Volgens paragraaf B2/2.7 van de Vreemdelingencirculaire 2000 (hierna: de Vc 2000) moeten de vreemdeling en de persoon bij wie deze wil verblijven, feitelijk samenwonen en een gemeenschappelijke huishouding voeren. Zij dienen ook naar buiten toe, bijvoorbeeld naar de werkgever, de belastingdienst en de zorgverzekeraar, hetzelfde adres te voeren.
2.1.2. In het besluit van 30 september 2008 heeft de staatssecretaris zich op het standpunt gesteld dat tussen de verklaringen van de vreemdeling en zijn echtgenote in de gehoren van 28 november 2006 ernstige tegenstrijdigheden zijn en dat gelet hierop tot de conclusie moet worden gekomen dat dient te worden getwijfeld aan de relatie van de vreemdeling en zijn echtgenote. Nu hieraan wordt getwijfeld is, volgens de staatssecretaris, niet voldaan aan de beperking waaronder de verblijfsvergunning is verleend en heeft hij op grond van artikel 18, eerste lid, aanhef en onder f, van de Vw 2000 de aanvraag tot het verlengen van de geldigheidsduur van een verblijfsvergunning regulier voor bepaalde tijd afgewezen.
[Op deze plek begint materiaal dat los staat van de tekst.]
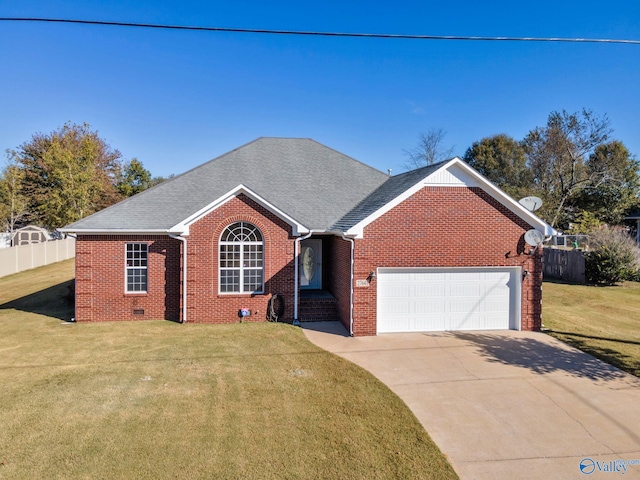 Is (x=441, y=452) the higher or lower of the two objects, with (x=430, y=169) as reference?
lower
2.1.3. In aanmerking genomen dat reeds uit de in voormelde paragraaf van de Vc 2000 gebruikte woorden ‘ook’ en 'bijvoorbeeld' moet worden afgeleid dat hierin geen uitputtende opsomming is gegeven van omstandigheden waaruit kan blijken dat sprake is van feitelijk samenwonen en het voeren van een gemeenschappelijke huishouding, heeft de rechtbank niet onderkend dat de staatssecretaris zich niet ten onrechte op het standpunt heeft gesteld dat twijfel bestaat of de vreemdeling en zijn echtgenote feitelijk samenwonen en een gemeenschappelijke huishouding voeren, aangezien zij op een groot aantal punten tegenstrijdig, althans verschillend, hebben verklaard, terwijl redelijkerwijs mag worden verwacht dat partners die een gemeenschappelijke huishouding voeren, over aspecten van die huishouding eenduidig kunnen verklaren. Derhalve heeft de rechtbank ten onrechte overwogen dat het besluit wegens strijd met artikel 7:12 van de Algemene wet bestuursrecht dient te worden vernietigd.
2.2. Het hoger beroep is kennelijk gegrond. De uitspraak van de rechtbank dient te worden vernietigd. Doende hetgeen de rechtbank zou behoren te doen, verklaart de Afdeling het beroep van de vreemdeling tegen het besluit van 30 september 2008 alsnog ongegrond.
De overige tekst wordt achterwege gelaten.